Straciłem w życiu tak naprawę jedną bliską osobę, ale to w zupełności wystarczyło, bym zrozumiał, że prędzej czy później stracę wszystko
Rok po ucieczce od męża Kasandra Reimann prowadzi spokojne, ustatkowane życie za granicą. Jest przekonana, że udało jej się zostawić wszystko za sobą – także konsekwencje tego, co zrobiła, by ratować siebie i dziecko. Do czasu. Pewnego dnia jej syn nie wraca do domu po wizycie u kolegi, a jedyny ślad prowadzi do Opola.

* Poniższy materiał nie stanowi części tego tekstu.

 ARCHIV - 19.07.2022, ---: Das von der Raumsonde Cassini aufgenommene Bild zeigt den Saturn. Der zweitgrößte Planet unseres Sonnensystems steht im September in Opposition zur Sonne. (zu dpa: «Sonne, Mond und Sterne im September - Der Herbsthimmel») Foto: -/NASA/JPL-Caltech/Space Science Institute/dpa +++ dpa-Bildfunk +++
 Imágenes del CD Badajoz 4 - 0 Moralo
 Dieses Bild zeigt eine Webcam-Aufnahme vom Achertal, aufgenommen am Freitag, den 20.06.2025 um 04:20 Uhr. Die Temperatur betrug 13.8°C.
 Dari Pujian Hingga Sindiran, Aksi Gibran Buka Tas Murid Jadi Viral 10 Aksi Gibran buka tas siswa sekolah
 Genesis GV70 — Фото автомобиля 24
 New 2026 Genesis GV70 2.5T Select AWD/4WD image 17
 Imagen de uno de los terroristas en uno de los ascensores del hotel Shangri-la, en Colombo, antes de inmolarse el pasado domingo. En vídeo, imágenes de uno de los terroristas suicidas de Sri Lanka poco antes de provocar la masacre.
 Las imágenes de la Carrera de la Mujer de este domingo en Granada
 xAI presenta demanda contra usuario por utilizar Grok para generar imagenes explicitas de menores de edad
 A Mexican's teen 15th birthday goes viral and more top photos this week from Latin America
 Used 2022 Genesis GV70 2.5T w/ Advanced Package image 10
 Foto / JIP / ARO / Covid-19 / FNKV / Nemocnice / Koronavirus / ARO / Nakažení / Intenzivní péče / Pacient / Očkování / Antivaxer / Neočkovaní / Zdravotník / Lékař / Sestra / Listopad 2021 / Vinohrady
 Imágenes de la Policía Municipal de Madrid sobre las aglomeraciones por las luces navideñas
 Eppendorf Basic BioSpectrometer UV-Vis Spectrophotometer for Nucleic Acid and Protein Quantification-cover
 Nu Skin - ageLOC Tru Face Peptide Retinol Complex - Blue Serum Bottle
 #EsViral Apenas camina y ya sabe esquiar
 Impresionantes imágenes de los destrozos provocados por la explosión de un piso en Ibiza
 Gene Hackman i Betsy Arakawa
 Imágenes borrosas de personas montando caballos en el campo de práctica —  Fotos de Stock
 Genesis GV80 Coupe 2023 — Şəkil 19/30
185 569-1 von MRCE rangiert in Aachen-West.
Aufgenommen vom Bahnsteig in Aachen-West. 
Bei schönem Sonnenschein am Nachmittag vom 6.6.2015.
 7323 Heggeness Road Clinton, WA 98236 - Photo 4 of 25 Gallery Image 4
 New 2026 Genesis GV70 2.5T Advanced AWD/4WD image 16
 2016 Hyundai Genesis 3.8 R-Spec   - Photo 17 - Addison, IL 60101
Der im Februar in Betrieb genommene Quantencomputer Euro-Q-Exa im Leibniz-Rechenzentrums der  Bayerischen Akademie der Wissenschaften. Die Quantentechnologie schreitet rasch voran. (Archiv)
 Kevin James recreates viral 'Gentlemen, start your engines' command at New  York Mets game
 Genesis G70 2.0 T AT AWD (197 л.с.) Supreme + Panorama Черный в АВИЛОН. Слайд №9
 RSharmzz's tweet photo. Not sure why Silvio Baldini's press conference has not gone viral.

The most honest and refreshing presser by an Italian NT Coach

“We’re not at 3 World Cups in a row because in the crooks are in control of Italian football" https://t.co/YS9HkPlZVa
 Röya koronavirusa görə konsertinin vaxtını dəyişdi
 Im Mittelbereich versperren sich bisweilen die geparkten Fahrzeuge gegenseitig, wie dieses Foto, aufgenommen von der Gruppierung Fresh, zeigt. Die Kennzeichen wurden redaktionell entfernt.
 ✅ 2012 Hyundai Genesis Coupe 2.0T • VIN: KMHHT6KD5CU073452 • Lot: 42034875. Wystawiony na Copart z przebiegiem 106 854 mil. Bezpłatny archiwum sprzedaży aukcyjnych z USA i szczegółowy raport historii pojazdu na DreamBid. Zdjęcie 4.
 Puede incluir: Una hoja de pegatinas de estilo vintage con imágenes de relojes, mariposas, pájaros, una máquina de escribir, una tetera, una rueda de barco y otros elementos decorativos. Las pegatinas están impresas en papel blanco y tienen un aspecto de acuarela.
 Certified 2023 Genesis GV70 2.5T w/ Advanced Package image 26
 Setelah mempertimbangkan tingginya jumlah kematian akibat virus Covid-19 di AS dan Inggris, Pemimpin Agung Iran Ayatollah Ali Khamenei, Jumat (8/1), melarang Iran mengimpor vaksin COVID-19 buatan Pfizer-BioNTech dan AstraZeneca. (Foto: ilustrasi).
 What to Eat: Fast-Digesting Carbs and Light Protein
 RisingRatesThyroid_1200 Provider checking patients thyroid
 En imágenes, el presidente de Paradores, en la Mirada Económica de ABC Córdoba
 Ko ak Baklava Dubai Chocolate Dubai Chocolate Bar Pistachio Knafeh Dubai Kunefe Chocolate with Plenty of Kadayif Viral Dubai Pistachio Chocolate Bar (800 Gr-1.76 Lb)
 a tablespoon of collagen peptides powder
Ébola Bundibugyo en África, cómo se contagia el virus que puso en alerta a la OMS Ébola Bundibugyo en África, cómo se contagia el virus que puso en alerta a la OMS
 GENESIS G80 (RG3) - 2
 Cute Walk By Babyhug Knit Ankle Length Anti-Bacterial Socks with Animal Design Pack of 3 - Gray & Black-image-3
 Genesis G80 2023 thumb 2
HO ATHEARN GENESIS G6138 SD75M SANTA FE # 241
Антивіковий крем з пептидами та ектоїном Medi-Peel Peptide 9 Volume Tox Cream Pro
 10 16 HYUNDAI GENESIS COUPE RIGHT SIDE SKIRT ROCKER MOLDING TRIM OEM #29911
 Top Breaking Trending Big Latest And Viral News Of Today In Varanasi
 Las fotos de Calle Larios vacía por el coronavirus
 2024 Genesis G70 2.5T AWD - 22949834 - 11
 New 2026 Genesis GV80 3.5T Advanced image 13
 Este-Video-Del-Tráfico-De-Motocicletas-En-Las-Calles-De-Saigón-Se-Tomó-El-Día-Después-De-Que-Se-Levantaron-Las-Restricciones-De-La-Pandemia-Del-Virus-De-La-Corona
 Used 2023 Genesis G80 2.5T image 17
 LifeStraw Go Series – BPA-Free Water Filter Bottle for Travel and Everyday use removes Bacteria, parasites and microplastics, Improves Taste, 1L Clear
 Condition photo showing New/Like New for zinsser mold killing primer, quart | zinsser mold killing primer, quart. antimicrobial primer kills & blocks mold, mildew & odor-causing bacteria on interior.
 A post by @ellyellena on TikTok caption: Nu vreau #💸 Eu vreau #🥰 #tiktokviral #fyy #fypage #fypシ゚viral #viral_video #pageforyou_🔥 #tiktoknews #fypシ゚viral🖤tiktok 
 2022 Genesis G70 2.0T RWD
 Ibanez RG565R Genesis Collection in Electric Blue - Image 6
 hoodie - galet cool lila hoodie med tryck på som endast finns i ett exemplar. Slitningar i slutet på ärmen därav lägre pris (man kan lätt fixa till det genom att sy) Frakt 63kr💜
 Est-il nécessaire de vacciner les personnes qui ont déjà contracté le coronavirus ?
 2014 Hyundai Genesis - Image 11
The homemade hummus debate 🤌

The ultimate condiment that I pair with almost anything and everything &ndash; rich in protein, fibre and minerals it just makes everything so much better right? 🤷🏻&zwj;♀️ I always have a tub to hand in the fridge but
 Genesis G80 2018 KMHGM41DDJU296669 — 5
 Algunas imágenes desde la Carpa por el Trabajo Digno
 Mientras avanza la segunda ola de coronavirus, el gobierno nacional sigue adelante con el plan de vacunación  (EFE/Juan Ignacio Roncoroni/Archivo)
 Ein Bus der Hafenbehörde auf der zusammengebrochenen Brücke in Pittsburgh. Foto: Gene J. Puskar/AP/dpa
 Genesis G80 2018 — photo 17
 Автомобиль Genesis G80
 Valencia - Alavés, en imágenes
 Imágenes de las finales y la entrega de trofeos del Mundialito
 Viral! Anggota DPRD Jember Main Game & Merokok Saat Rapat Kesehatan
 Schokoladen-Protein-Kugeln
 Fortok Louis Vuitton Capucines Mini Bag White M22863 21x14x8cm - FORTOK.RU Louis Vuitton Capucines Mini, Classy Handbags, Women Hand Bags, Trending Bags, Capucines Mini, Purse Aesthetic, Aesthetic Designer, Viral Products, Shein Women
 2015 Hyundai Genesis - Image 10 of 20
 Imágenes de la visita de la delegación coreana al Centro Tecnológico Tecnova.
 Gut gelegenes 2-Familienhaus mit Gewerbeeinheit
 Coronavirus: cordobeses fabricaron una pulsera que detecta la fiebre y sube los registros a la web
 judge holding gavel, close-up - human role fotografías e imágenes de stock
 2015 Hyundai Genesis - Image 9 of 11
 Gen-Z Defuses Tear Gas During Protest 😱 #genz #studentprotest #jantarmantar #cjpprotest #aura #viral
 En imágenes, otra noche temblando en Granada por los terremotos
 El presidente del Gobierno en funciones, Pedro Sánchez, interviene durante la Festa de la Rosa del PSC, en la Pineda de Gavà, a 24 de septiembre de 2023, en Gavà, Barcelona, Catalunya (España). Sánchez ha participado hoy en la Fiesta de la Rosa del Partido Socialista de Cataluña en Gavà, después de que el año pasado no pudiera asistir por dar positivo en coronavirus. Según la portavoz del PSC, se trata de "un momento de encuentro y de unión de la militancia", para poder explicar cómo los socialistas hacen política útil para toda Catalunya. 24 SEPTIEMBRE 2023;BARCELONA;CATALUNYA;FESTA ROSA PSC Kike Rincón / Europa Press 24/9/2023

Zrozpaczona matka zrobi wszystko, by odnaleźć dziecko, nawet jeśli będzie oznaczało to ponowne spotkanie z człowiekiem, którego życie zniszczyła.
Damian Werner tymczasem wprowadza się do nowego mieszkania, wciąż starając się zapomnieć o wszystkim, co spotkało go rok temu. Przeglądając jednak rzeczy zostawione przez poprzedniego właściciela, trafia na starą kasetę VHS, która rzuca nowe światło na jego przeszłość…
To jedna z gorszych książek, jakie ostatnio czytałam. Sięgnęłam po nią, bo byłam ciekawa, jak potoczą się dalej losy bohaterów "Nieodnalezionej". W zasadzie nie toczą się wcale. Cała "historia" opiera się na co raz to nowych postaciach, które wciskają głównemu bohaterowi kolejny kit, a on to wszystko łyka jak młody pelikan. Ostatecznie sama nie wiem, co się wydarzyło naprawdę, a co było tylko czyimś kłamstwem. Dawno nie byłam tak zmęczona po skończeniu książki.